Seizing roughly $30 million from the Vatican Bank Tuesday, Italian authorities said they will be investigating top officials in connection with money laundering.
Attempting to make its finances more transparent to comply with anti-terrorism and anti-money-laundering regulation, the Vatican has put its trust in bank chairman Ettore Gotti Tedeschi who told RAI television that he was “humiliated and mortified” by the news of the authorities’ probe.
A Vatican statement said, “The Holy see is perplexed and surprised by the initiatives of the Rome prosecutors, considering the data necessary is already available at the Bank of Italy.”
Over a year ago, news reports were circulating about Italian investigators scrutinizing millions of dollars (euros) of the Vatican’s bank transactions to determine if they were violating money-laundering regulations.
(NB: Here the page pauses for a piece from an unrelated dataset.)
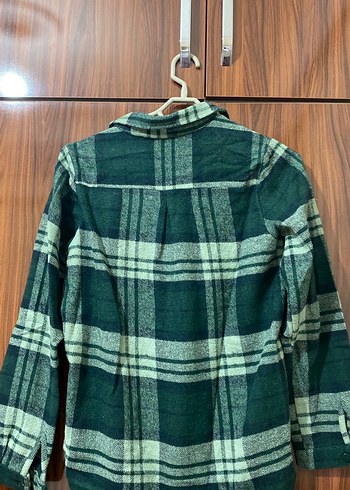 Düğmeli Yeşil Ekose Kadın Gömlek - Görsel 2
According to reports, Tuesday the police had seized money from the Vatican bank account at the Rome branch of Credito Artigiano Spa due to the bank neglecting to tell financial authorities where $26 million heading to JP Morgan in Frankfurt and Banco del Funcino had come from.
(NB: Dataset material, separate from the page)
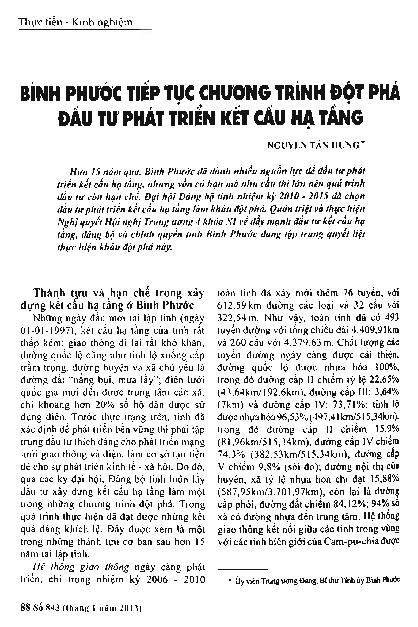 Bình phước tiếp tục chương trình đột phá đầu tư phát triển kết cấu hạ tầng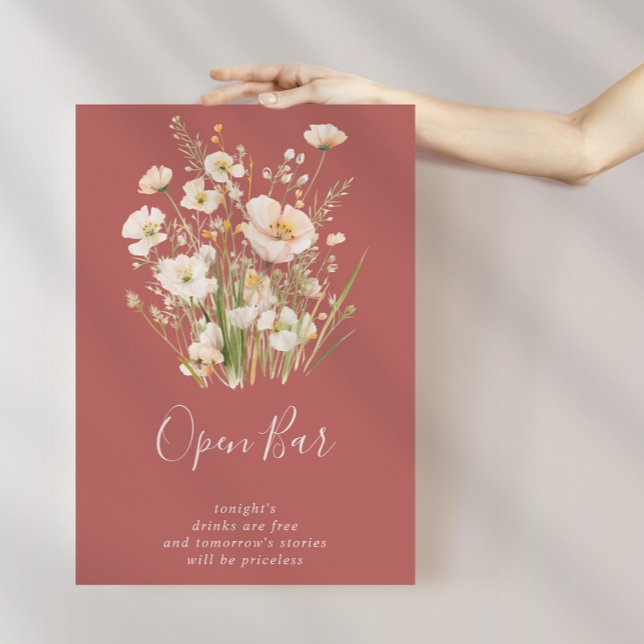 Classic Boho  Wildblomma Bröllop Open Pub Poster (Skapare uppladdad)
Vatican representatives are not strangers to controversy. In the 1980s, the Vatican bank was implicated in a scandal over the collapse of Roberto Calvi’s Banco Ambrosiano in one of Italy’s largest fraud cases. Following the disappearance of $1.3 billion in loans Banco Ambrosiano had made to several dummy companies in Latin America, it was discovered the Vatican bank provided letters of credit for the loans. At the time, the Vatican bank agreed to pay $250 million to Ambrosiano’s creditors, though denying any wrongdoing. Authorities later found Calvi (dubbed “God’s Banker”) hanging from Blackfriars Bridge in London under circumstances that are still a mystery. After Calvi’s family refused to believe he had committed suicide and pressed police to investigate further, five defendants were charged with murder, tried, and ultimately acquitted in 2007.
Last year, a U.S. appeals court dismissed a lawsuit against the Vatican bank filed by Holocaust survivors. The survivors from Croatia, Ukraine and Yugoslavia alleged the Vatican had accepted millions of dollars of their valuables stolen by Nazi sympathizers. The court said the bank was immune from such a lawsuit under the 1976 Foreign Sovereign Immunities Act, which protects foreign countries from being sued in United States courts.
The Vatican’s statement Tuesday said it was working to join the “white list” of the Organization for Economic Cooperation and Development, which attempts to keep tabs on financial openness on the exchange of tax information.
The Vatican bank, located in a tower just inside the gates of Vatican City, is not a typical bank, as its mission is to manage assets destined for religious works or works of charity, as well as manage ATMs inside the city and the pension system for the Vatican’s thousands of employees. The bank is not open to the public, and deposits are generally limited to religious orders, people who transfer money for the pope’s charities, and Vatican employees.